Leider war der Ausblick das einzig Erwähnenswerte an der Wohnung. Die Innenausstattung war zwar teuer, aber alles andere als individuell. Offenbar war hier ein zwar kompetenter, aber fantasieloser Innendekorateur am Werk gewesen. Kräftiges Weiß, staubiges Schwarz und ein komischer, trüber Rotton dominierten das große Wohnzimmer.
»Hast du dir die Farben ausgesucht?«, erkundigte sie sich.
»Nein. Hab dem Dekorateur bloß gedroht, wenn er irgendwas Pastelliges reinbringt, ziehe ich ihm fünfzig Prozent von seiner Rechnung ab.«
»Aber mein Haus hat dir gefallen.«
»Du hattest ja auch keine Pastellfarben drin.«
»Creme, Weizen, Toast, Sand, Eierschale«, leierte sie, an ihren Fingern abzählend, herunter. »Diese Töne findest du überall in meinem Haus.«
»Das sind keine Pastellfarben.«
Sie wandte sich rasch zu ihm um. Er betrachtete sie mit frommer Miene.
»Was meinst du, wenn du Pastellfarben sagst?«, erkundigte sie sich.
»Pink, Babyblau, Lavendel, so ’n Zeug.«
»Ostereierfarben.«
»Genau.«
Sie lächelte. »Du hast Recht. Würde überhaupt nicht zu dir passen.«
»Danke.«
»Und das hier?« Sie wies mit einer ausholenden Armbewegung auf das Wohnzimmer.
»Was meinst du?«
»Ich meine, wenn du je länger als ein paar Wochen hier wärst, würdest du den ganzen Raum neu machen lassen.«
Er schenkte ihr ein schiefes Lächeln. »Kennst du irgendwelche guten Innendekorateure? Ich kann die Wohnung nicht ausstehen, sobald der Jetlag nachgelassen hat.«
Stirnrunzelnd dachte sie an all die Dekorateure, die sie kannte. Jeder Einzelne davon war hervorragend auf seinem oder ihrem Gebiet... und keiner davon wäre richtig für Cain. Seufzend brach sie ihren Vorsatz, sich nie in Dinge wie Farb-und Teppichmuster verwickeln zu lassen.

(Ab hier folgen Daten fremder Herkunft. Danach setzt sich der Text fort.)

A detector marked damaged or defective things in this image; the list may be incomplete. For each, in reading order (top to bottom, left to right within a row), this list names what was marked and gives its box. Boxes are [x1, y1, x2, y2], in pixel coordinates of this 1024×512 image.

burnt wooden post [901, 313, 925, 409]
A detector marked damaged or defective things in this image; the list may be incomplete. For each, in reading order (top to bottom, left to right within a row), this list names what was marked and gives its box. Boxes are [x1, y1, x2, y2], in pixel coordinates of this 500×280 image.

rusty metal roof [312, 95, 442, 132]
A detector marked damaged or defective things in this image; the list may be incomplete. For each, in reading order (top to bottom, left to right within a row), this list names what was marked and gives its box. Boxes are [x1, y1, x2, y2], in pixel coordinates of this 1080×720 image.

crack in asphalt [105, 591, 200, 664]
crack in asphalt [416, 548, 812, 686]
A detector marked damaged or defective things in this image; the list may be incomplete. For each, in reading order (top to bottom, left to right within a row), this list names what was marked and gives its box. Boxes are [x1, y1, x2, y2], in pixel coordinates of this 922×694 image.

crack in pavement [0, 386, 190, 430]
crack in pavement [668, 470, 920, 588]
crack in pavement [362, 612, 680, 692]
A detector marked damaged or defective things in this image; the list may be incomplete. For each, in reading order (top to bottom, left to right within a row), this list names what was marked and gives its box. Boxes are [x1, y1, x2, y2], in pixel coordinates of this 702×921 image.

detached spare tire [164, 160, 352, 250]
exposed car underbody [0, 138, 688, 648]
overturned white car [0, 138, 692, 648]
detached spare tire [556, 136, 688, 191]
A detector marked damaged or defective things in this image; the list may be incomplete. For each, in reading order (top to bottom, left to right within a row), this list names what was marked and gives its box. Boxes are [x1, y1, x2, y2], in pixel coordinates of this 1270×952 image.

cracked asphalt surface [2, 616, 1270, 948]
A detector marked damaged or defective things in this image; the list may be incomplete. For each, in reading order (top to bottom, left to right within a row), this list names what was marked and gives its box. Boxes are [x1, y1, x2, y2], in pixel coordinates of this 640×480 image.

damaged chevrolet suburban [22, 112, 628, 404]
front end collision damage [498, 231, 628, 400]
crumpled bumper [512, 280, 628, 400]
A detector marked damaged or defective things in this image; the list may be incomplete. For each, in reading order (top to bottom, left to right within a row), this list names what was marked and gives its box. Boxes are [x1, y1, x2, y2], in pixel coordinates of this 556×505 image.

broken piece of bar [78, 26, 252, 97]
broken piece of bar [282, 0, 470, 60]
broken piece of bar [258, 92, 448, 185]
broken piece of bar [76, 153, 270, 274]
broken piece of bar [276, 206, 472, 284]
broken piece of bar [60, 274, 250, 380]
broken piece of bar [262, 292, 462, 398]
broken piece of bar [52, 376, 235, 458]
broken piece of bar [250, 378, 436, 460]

»Mich«, sagte sie. »Das heißt, falls du mir vertraust. Ich habe keine richtige Ausbildung darin.«
»Ich würde dir mit allem vertrauen, was ich habe.«
Diese ruhige Feststellung überraschte sie sehr. Sie musterte nun ihn, anstatt den Raum. Wie üblich wurde sie von den sich ständig verändernden Farbtönen seiner grauen Augen gefangen genommen. Im Kontrast zu dem trüben Schwarz-Weiß des Raums wirkten seine Augen hell und lebendig, wie Nebel, kurz bevor die Sonne durchbricht.
Er wirkt auf mich einfach zu verdammt attraktiv, musste sie sich erneut eingestehen.
Cain lächelte sanft, als fühlte er ihr plötzliches Unbehagen und auch den Grund dafür.
»Willst du den Rest sehen?«, erkundigte er sich.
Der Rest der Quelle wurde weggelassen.